LONG SAULT — South Stormont could theoretically withdraw the $380,000 property owners contribute annually to the United Counties library system and use the money to fund a local township-based rival, South Stormont Mayor Jim Bancroft confirmed for Nation Valley News last week, after a delegation proposed the “secession” strategy to council.

Verifying the core idea put forward in great detail Sept. 28 by Cal Martin of St. Andrews West, Bancroft explained that if local council voted to quash the bylaw underpinning the township’s participation in the SD&G Library system, the United Counties government would be compelled to exempt South Stormont properties from a small percentage of the upper-tier tax levy now earmarked for that system.

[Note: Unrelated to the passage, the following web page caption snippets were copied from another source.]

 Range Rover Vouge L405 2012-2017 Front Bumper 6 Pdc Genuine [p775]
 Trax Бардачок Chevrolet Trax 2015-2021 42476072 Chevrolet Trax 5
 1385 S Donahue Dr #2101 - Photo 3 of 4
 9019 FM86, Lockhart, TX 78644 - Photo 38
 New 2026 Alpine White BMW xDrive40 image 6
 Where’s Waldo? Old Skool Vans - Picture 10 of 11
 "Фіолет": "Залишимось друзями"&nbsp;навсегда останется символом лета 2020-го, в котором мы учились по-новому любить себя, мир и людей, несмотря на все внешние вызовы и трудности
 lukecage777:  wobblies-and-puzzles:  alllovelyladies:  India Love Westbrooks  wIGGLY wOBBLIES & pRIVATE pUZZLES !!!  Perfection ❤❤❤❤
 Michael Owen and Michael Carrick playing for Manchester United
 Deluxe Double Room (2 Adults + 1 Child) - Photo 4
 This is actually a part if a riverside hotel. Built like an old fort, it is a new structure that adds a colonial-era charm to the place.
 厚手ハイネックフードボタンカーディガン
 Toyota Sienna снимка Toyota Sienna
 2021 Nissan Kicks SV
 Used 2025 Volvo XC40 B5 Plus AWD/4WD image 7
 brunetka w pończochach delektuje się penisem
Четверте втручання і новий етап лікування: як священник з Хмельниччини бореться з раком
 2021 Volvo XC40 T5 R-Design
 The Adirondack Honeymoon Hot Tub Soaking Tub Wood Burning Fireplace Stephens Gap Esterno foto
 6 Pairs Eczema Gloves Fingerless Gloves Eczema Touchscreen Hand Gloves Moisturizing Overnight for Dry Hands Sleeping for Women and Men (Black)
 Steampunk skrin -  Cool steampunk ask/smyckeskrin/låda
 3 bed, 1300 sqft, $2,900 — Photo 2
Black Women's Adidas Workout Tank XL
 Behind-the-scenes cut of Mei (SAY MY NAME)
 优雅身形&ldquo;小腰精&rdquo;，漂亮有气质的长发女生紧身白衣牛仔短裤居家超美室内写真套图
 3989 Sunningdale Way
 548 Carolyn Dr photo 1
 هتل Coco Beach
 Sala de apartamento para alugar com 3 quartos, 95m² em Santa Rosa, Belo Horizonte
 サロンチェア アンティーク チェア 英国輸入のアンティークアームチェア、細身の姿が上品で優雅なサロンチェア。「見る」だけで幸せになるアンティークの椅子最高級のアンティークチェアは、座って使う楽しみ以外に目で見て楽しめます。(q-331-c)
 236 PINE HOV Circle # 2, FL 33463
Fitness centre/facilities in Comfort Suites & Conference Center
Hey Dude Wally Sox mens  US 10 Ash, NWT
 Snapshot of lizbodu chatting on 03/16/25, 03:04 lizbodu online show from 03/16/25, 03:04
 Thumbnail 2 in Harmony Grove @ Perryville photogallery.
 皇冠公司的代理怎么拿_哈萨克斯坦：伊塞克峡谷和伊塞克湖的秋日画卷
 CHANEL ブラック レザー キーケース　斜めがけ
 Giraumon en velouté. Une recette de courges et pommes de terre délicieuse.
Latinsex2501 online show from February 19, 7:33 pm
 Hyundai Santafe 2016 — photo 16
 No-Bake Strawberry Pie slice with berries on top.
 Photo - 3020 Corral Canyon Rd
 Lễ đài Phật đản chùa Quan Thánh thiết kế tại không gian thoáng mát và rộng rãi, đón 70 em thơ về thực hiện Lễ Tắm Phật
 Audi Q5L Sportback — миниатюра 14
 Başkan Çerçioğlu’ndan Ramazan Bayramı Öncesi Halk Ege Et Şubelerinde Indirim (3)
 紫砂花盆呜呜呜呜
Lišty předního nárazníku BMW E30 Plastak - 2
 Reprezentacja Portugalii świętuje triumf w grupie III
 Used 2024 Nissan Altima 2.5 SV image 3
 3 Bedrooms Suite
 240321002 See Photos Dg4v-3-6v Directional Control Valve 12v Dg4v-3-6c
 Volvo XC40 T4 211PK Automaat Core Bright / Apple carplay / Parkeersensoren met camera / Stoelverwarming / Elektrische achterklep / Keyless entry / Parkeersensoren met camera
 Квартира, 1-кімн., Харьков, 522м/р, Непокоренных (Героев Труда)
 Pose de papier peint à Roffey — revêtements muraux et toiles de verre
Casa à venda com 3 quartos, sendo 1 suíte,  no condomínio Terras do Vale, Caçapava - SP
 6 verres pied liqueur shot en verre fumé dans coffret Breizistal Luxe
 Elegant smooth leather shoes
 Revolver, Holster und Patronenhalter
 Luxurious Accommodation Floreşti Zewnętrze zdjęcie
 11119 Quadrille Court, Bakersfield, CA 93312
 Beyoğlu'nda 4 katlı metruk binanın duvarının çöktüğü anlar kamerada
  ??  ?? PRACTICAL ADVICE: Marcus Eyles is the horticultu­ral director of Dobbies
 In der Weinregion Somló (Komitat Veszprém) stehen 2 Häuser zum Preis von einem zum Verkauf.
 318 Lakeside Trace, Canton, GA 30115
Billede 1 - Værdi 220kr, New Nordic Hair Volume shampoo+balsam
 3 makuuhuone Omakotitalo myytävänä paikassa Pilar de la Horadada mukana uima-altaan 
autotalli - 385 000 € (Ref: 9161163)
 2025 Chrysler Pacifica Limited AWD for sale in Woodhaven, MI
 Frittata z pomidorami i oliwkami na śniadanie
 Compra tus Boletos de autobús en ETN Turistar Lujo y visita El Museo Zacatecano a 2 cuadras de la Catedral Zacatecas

South Stormont Mayor Jim Bancroft. Zandbergen photo, Nation Valley News

South Stormont Mayor Jim Bancroft. Zandbergen photo, Nation Valley News

In a revenue swap, South Stormont could then conceivably raise its own tax rate to collect that money itself and — with those resources — take over operations of the library branches in Ingleside and  Long Sault, and revive the St. Andrews West branch closed by the SD&G Library board last month.

There is precedent in having a local municipality operate its own independent library system this way, as the Village of Iroquois did so prior to its amalgamation into South Dundas in 1998.

South Stormont already acts as landlord on library facilities in the township, including the shuttered St. Andrews West site, Bancroft also confirmed.

In his PowerPoint presentation earlier that evening, Martin methodically made the case that South Stormont residents have been poorly served for the sum they contribute to the SD&G Library system. “The amount of service we’re getting back is unacceptable,” said Martin, who has led the charge in St. Andrews West against the closure of that branch. “Our three branches cost less than $150,000 to operate,” he asserted. “Clearly, we’re not getting our money’s worth.”

No entity was better placed to provide library service to South Stormont residents than the township itself, he argued, also pointing out that an independent township library system would have access to SD&G’s book collection through the established inter-library loan program.

He also suggested the SD&G Library Board may impose cuts in the hours of operation at Long Sault — although Deputy Mayor Tammy Hart contested that allegation.

The SD&G Library Board’s treatment of South Stormont is “very much like an abusive relationship,” Martin alleged. “Nothing in their pattern of behaviour indicates that anything will change.”

Leaving the relationship “is not really that scary,” he added.

Bancroft said that township staff have been tasked with examining Martin’s idea further. Those officials are due to report at the next council meeting.

In a controversial move, the SD&G Library Board closed the St. Andrews West, Morewood and Dalkeith branches on Sept. 3.